Les Troyens sont toujours là, attendant que le théâtre de l'Opéra devienne praticable. Après David, nous aurons le prince Poniatowski; après le prince, nous aurons le duc de Gotha, et, en attendant le duc, on traduira la Sémiramide de Rossini.
XCVI
AU MÊME
Paris, 18 mars 1859.
Je n'ose vous engager à faire le voyage de Paris pour faire soigner vos yeux; les cures du docteur Vriès dans cette spécialité ne me sont pas connues; il est en outre en ce moment et il sera de plus en plus inabordable; il faut faire queue chez lui pendant quatre ou cinq heures sans être sûr de pouvoir lui parler, et il vous demandera plusieurs mois pour suivre son traitement. Quant à moi, je suis depuis plus de dix jours repris de mes infernales coliques qui ne me quittent pas une heure sur vingt-quatre. Rien n'y fait.

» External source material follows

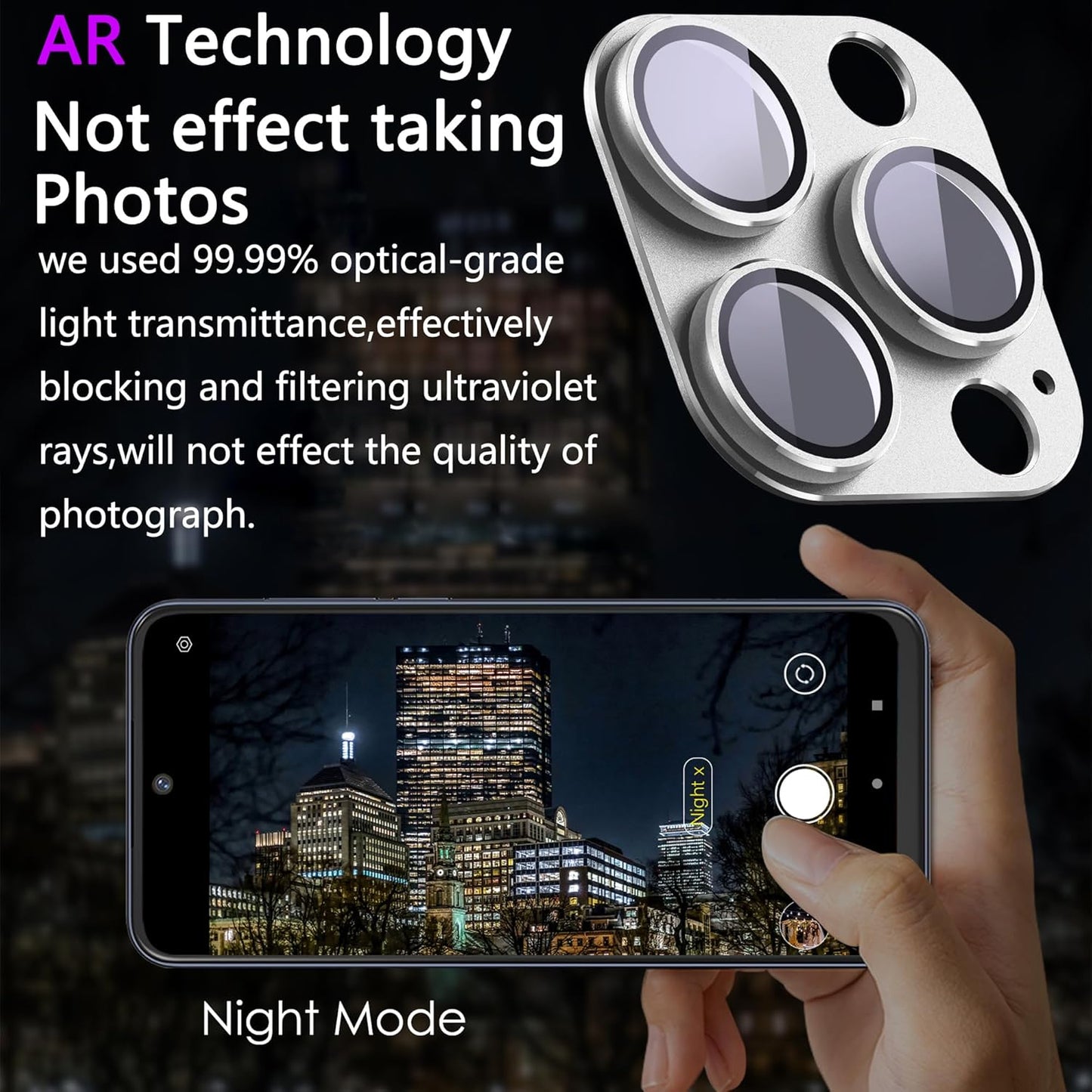 2 Pack Camera Lens Protector for iPhone 16 Pro/iPhone 16 Pro Max,[Not Easy to Breakn ] AR Tempered Glass Strong Adsorption Metal Camera Cover Screen-Silvery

Je me force pourtant à vaincre ma faiblesse, pour organiser un concert spirituel à l'Opéra-Comique le samedi saint. Il faut gagner de l'argent, et, ce jour-là, je suis à peu près sûr de remplir la salle. Ce pauvre Louis, qui n'a jamais rien entendu de moi, sera cette fois au moins à Paris. Je commence à m'étonner du retard de l'arrivée de son navire. Mille amitiés à Lecourt. J'ai un nouveau patron pour mon opéra, un prôneur très chaud; c'est M. Véron, qui a voulu entendre dernièrement une lecture du poème et qui en dit partout de magnifiques choses. Il déclare le cinquième acte un chef-d'œuvre, en ajoutant que, s'il était directeur, il dépenserait cent cinquante mille francs pour monter cela.
Il est vrai que les paroles ne l'engagent à rien; mais elles font sensation parmi les gens de l'Opéra. Peu à peu, seront-ils forcés de venir vers la montagne?.. en tout cas la montagne s'obstine à ne pas aller à eux. Je n'ai jamais parlé de mon ouvrage à Royer et je ne lui en parlerai jamais.
Pauvre ami, je vous plains d'être ainsi harcelé par vos chanteurs. Adieu.
Patience et longueur de temps
Font plus que force ni que rage.
Embrassez Louis pour moi trente ou quarante fois.